Information given ▸
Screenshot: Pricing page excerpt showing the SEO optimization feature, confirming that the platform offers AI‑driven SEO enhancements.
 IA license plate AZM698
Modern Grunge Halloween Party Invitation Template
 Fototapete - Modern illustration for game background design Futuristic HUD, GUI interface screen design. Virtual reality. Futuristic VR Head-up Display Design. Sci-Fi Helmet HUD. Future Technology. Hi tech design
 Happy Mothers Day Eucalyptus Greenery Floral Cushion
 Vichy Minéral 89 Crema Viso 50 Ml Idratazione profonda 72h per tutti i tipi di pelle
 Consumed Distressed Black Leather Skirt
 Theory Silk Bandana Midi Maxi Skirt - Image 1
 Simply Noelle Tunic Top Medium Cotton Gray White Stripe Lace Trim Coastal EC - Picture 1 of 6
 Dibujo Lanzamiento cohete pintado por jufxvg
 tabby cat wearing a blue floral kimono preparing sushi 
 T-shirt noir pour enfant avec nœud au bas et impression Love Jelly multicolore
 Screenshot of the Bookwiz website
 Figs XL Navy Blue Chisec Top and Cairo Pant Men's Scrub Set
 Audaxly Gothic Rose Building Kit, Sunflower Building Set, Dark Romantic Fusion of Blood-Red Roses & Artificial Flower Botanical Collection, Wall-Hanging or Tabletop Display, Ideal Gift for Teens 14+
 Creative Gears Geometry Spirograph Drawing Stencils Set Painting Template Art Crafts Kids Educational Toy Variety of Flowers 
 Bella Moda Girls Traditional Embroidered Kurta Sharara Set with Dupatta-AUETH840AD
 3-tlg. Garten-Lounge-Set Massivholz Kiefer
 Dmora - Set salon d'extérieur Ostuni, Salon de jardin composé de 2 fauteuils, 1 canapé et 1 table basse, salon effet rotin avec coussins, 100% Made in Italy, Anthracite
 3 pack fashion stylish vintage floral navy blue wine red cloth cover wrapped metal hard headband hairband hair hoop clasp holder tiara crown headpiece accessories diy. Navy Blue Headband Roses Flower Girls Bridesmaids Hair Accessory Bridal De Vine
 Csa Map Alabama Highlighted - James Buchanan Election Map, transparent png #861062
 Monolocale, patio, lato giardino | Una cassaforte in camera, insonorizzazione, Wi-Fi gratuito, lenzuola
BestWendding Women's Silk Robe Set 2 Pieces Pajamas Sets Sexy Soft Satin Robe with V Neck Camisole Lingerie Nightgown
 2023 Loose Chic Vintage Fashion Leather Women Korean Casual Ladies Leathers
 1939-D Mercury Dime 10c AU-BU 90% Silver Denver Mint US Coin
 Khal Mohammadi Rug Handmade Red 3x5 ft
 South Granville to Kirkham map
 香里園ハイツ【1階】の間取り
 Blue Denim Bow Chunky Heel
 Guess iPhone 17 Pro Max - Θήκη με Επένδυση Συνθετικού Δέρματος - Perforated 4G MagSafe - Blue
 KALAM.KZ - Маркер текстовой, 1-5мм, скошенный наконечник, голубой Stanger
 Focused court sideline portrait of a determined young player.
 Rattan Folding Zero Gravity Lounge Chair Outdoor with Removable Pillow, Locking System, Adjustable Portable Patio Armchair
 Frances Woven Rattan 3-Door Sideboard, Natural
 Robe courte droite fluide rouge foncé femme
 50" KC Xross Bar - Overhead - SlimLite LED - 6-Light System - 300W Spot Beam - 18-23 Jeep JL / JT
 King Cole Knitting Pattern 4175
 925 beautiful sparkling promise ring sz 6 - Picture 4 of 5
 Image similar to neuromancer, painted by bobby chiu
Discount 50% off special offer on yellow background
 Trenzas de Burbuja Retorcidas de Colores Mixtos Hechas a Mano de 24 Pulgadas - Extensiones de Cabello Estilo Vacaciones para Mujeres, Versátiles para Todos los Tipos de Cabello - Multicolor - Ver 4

Directions for this task ▸
After the last line, print all the entries once again, unchanged.

Task result ▸
Screenshot: Pricing page excerpt showing the SEO optimization feature, confirming that the platform offers AI‑driven SEO enhancements.
 IA license plate AZM698
Modern Grunge Halloween Party Invitation Template
 Fototapete - Modern illustration for game background design Futuristic HUD, GUI interface screen design. Virtual reality. Futuristic VR Head-up Display Design. Sci-Fi Helmet HUD. Future Technology. Hi tech design
 Happy Mothers Day Eucalyptus Greenery Floral Cushion
 Vichy Minéral 89 Crema Viso 50 Ml Idratazione profonda 72h per tutti i tipi di pelle
 Consumed Distressed Black Leather Skirt
 Theory Silk Bandana Midi Maxi Skirt - Image 1
 Simply Noelle Tunic Top Medium Cotton Gray White Stripe Lace Trim Coastal EC - Picture 1 of 6
 Dibujo Lanzamiento cohete pintado por jufxvg
 tabby cat wearing a blue floral kimono preparing sushi 
 T-shirt noir pour enfant avec nœud au bas et impression Love Jelly multicolore
 Screenshot of the Bookwiz website
 Figs XL Navy Blue Chisec Top and Cairo Pant Men's Scrub Set
 Audaxly Gothic Rose Building Kit, Sunflower Building Set, Dark Romantic Fusion of Blood-Red Roses & Artificial Flower Botanical Collection, Wall-Hanging or Tabletop Display, Ideal Gift for Teens 14+
 Creative Gears Geometry Spirograph Drawing Stencils Set Painting Template Art Crafts Kids Educational Toy Variety of Flowers 
 Bella Moda Girls Traditional Embroidered Kurta Sharara Set with Dupatta-AUETH840AD
 3-tlg. Garten-Lounge-Set Massivholz Kiefer
 Dmora - Set salon d'extérieur Ostuni, Salon de jardin composé de 2 fauteuils, 1 canapé et 1 table basse, salon effet rotin avec coussins, 100% Made in Italy, Anthracite
 3 pack fashion stylish vintage floral navy blue wine red cloth cover wrapped metal hard headband hairband hair hoop clasp holder tiara crown headpiece accessories diy. Navy Blue Headband Roses Flower Girls Bridesmaids Hair Accessory Bridal De Vine
 Csa Map Alabama Highlighted - James Buchanan Election Map, transparent png #861062
 Monolocale, patio, lato giardino | Una cassaforte in camera, insonorizzazione, Wi-Fi gratuito, lenzuola
BestWendding Women's Silk Robe Set 2 Pieces Pajamas Sets Sexy Soft Satin Robe with V Neck Camisole Lingerie Nightgown
 2023 Loose Chic Vintage Fashion Leather Women Korean Casual Ladies Leathers
 1939-D Mercury Dime 10c AU-BU 90% Silver Denver Mint US Coin
 Khal Mohammadi Rug Handmade Red 3x5 ft
 South Granville to Kirkham map
 香里園ハイツ【1階】の間取り
 Blue Denim Bow Chunky Heel
 Guess iPhone 17 Pro Max - Θήκη με Επένδυση Συνθετικού Δέρματος - Perforated 4G MagSafe - Blue
 KALAM.KZ - Маркер текстовой, 1-5мм, скошенный наконечник, голубой Stanger
 Focused court sideline portrait of a determined young player.
 Rattan Folding Zero Gravity Lounge Chair Outdoor with Removable Pillow, Locking System, Adjustable Portable Patio Armchair
 Frances Woven Rattan 3-Door Sideboard, Natural
 Robe courte droite fluide rouge foncé femme
 50" KC Xross Bar - Overhead - SlimLite LED - 6-Light System - 300W Spot Beam - 18-23 Jeep JL / JT
 King Cole Knitting Pattern 4175
 925 beautiful sparkling promise ring sz 6 - Picture 4 of 5
 Image similar to neuromancer, painted by bobby chiu
Discount 50% off special offer on yellow background
 Trenzas de Burbuja Retorcidas de Colores Mixtos Hechas a Mano de 24 Pulgadas - Extensiones de Cabello Estilo Vacaciones para Mujeres, Versátiles para Todos los Tipos de Cabello - Multicolor - Ver 4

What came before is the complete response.